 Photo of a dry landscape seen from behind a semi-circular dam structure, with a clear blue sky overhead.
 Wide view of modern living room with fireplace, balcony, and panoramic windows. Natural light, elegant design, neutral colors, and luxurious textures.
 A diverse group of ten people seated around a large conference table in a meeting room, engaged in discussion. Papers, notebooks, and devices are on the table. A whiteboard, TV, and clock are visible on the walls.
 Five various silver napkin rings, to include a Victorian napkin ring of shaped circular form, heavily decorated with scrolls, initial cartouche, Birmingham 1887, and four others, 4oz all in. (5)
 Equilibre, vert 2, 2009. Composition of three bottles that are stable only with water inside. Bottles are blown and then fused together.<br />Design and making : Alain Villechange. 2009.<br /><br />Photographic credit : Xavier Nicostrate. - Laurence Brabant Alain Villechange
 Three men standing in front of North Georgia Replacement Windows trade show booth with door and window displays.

○ ○ ○ ○ ○

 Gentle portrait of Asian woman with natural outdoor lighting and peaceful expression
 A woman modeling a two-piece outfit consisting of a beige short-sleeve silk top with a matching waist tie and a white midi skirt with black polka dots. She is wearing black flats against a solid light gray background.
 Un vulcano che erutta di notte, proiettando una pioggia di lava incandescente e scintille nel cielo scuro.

○ ○ ○ ○ ○

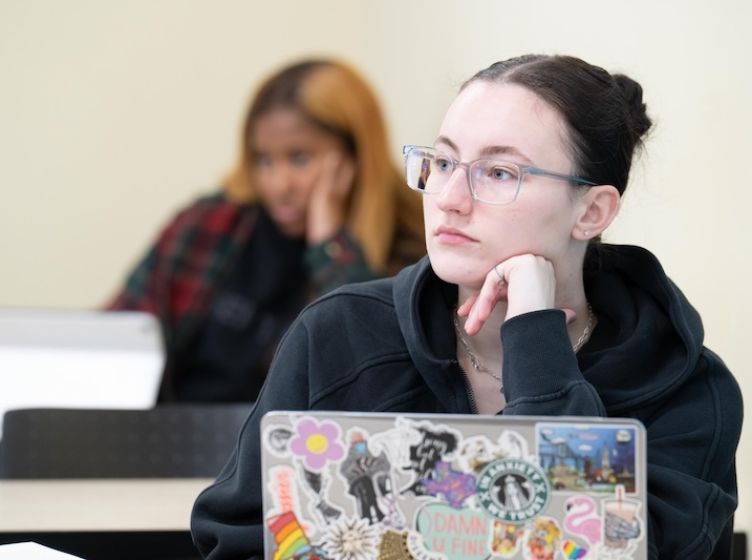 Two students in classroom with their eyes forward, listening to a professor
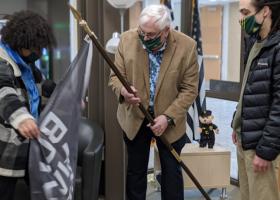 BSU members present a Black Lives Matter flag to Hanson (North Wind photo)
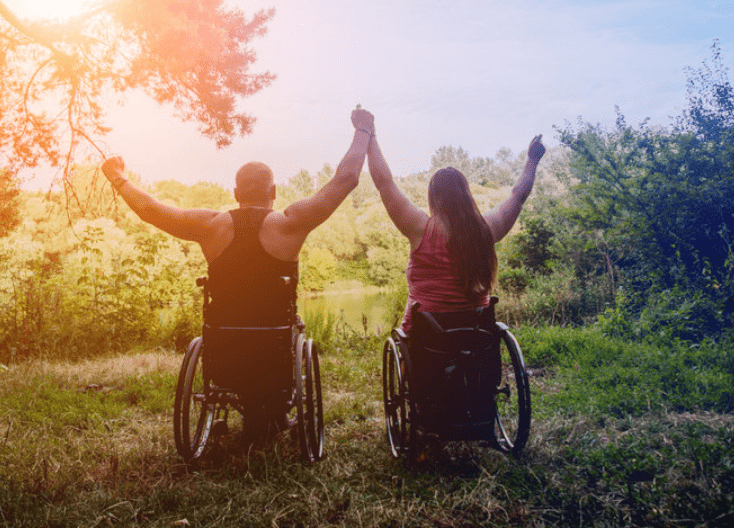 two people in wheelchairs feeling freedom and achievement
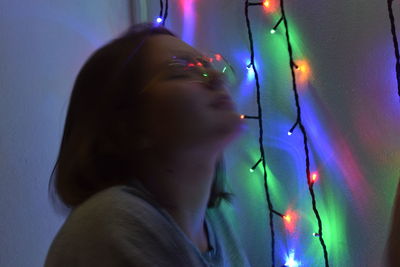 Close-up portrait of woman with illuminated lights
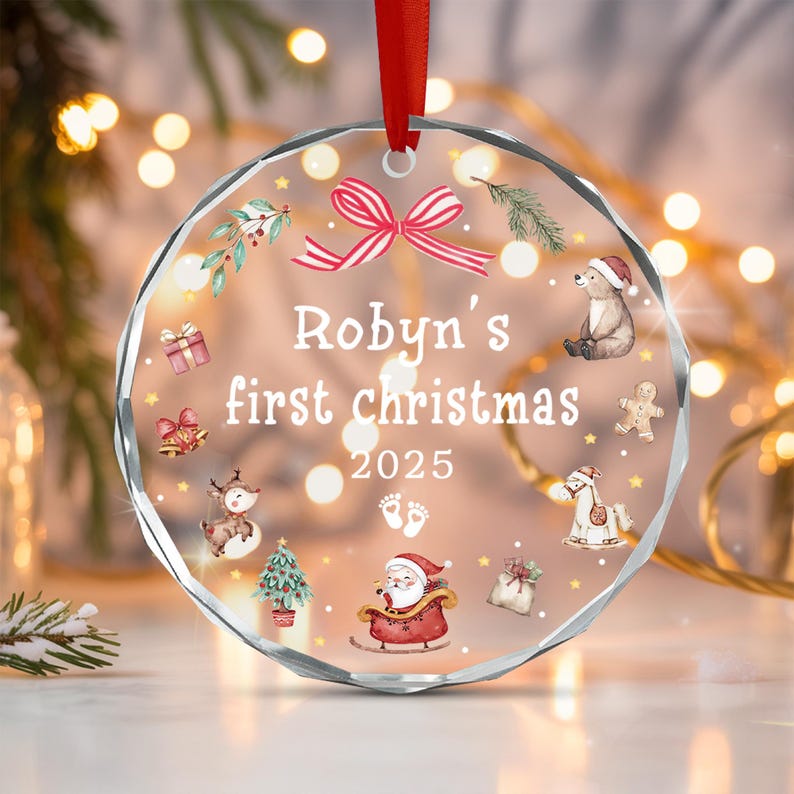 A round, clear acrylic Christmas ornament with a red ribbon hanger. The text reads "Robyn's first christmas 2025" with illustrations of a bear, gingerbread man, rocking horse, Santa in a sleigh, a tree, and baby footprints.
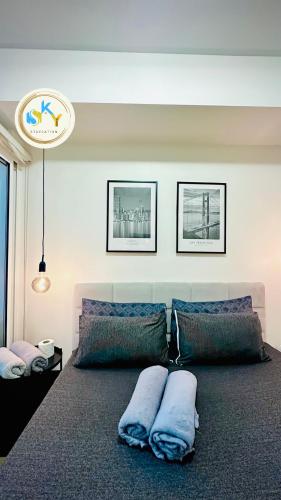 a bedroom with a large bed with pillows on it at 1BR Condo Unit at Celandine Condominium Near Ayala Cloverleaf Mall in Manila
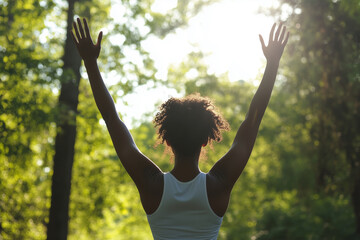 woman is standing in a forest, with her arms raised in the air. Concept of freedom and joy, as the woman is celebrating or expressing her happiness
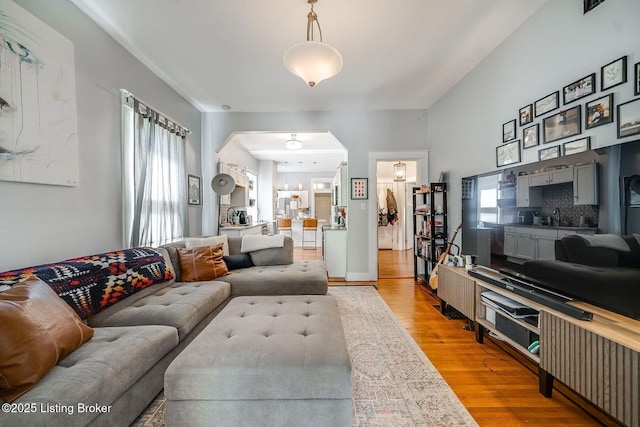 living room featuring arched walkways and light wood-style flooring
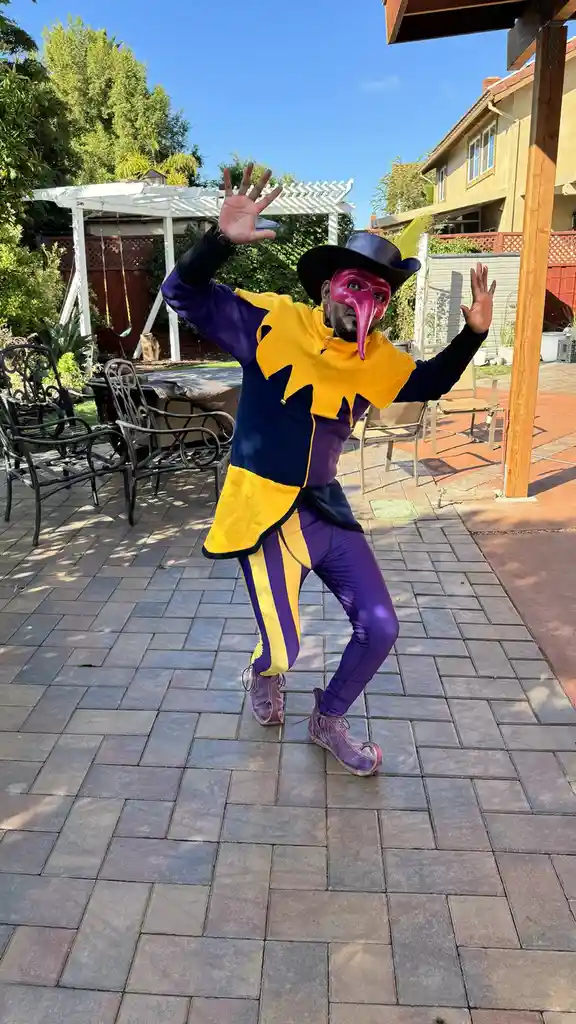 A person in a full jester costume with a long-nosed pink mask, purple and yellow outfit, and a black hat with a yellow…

○ ○ ○ ○ ○

— Activity —
Since only part of the listing is wanted, copy exactly the lines from the one holding "Gentle portrait of" to the one holding "Un vulcano che", both included.

— Response to this exercise —
 Gentle portrait of Asian woman with natural outdoor lighting and peaceful expression
 A woman modeling a two-piece outfit consisting of a beige short-sleeve silk top with a matching waist tie and a white midi skirt with black polka dots. She is wearing black flats against a solid light gray background.
 Un vulcano che erutta di notte, proiettando una pioggia di lava incandescente e scintille nel cielo scuro.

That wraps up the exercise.